Two of them turned out to be the most defining.
1. In order to use this valuable information, it is convenient to present the data set as a graph. It can be done in a number of ways. For example, let’s build a graph where every record will be represented with two nodes connected with an edge. At the same time, one node corresponds to one question from the data set. Let’s imagine the data set contains only seven records:
The graph will look the following way:
Now we can calculate the number of “common neighbours” for every question pair from the data set. “Common neighbours” will be the questions that are neighboring in the graph with questions from one record. For example, the first record from our data set will have two of such “neighbours”:
The number of such “neighbours” turned out to be a very strong magic feature. It can be seen in the following diagram. It shows the correlation between duplicates and non-duplicates in the training set for the records with a particular number of “common neighbours”.
So, around 80% of the records that score zero in this feature are duplicates, and those that have one “neighbour” have less than 40% chance of being duplicates.
2. Another structural characteristic is the frequency of a question. Let’s calculate the number of incident edges for every node of the graph (in other words: we’ll calculate how often each question occurs in the data set). This way every record will contain the number of occurrences for each question. We can use the minimum/maximum number of these occurrences, their average value or difference between them. Such features also turn out to be very strong and improve model’s performance.
These features were referred to as “magic” ones during the competition since they turned out to be quite strong. Many participants were surprised when they found out that useful information can also be found in data set’s structure. Also, it wasn’t clear from the beginning whether such features would be useful for competition organizer’s business. Moreover, certain NLP models (TF-IDF, for example) implicitly use question’s number of occurrences, this means that such models can improve their quality of prediction only based on the specific characteristics of a particular data set.
Of course, there are many other ways of finding useful information in data set’s structure, but those were the most powerful ones in a particular Kaggle competition.

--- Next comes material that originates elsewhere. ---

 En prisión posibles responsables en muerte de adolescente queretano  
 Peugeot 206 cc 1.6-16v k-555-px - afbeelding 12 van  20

Our solution to Quora Question Pairs Kaggle competition
Taking task’s specifics into account, it is worth mentioning that a lot of hopes of both participants and organizers were placed into deep learning. It is true that in many cases deep learning models have shown better results than the models using hundreds of handcrafted features (Quora has already been using one of such models). This is why we started the work on our solution with deep learning models.
Word vectors (Embeddings)
Modern deep learning models are represented by deep neural networks that get raw data as an input (questions’ texts) and produce the necessary features themselves. The problem is that neural networks prefer to work with sets of numbers (vectors) rather than with raw texts. For example, words “dog” and “puppy” have similar meanings, but they are not meaningful for a computer. The words have different lengths and letters, so the computer won’t see any similarity. And in order to solve this task, it is important to understand whether the words are similar or not. Word2vec approach can help with that. Its essence can be described in one quote: “You shall know a word by the company it keeps” – Firth, J. R. 1957. Word2vec modifies words into vectors, this way the words that are used in similar contexts, have similar vectors. Using word2vec we can transform raw texts into a set of vectors, that can be easily used in a neural network.
It is worth mentioning that it is hard to train word2vec and other embeddings since we need a text corpus the size of Wikipedia. That is why the majority of competitions’ participants use pre-trained models.
Siamese neural networks are the best solution for such task. They are used when we need to identify how similar the two objects are. Such neural networks have two identical inputs that are used to extract the features. On the next level, either those features are used to calculate the similarity metrics or all the features are combined and passed over to a fully connected layer. After the experiments were over, we chose the following architecture of a neural network:
- Apart from having two inputs for the compared questions, our neural network had a third input for handcrafted features, which is not very typical for deep learning models. It was made due to the “magic features”, that had a strong influence in a given data set.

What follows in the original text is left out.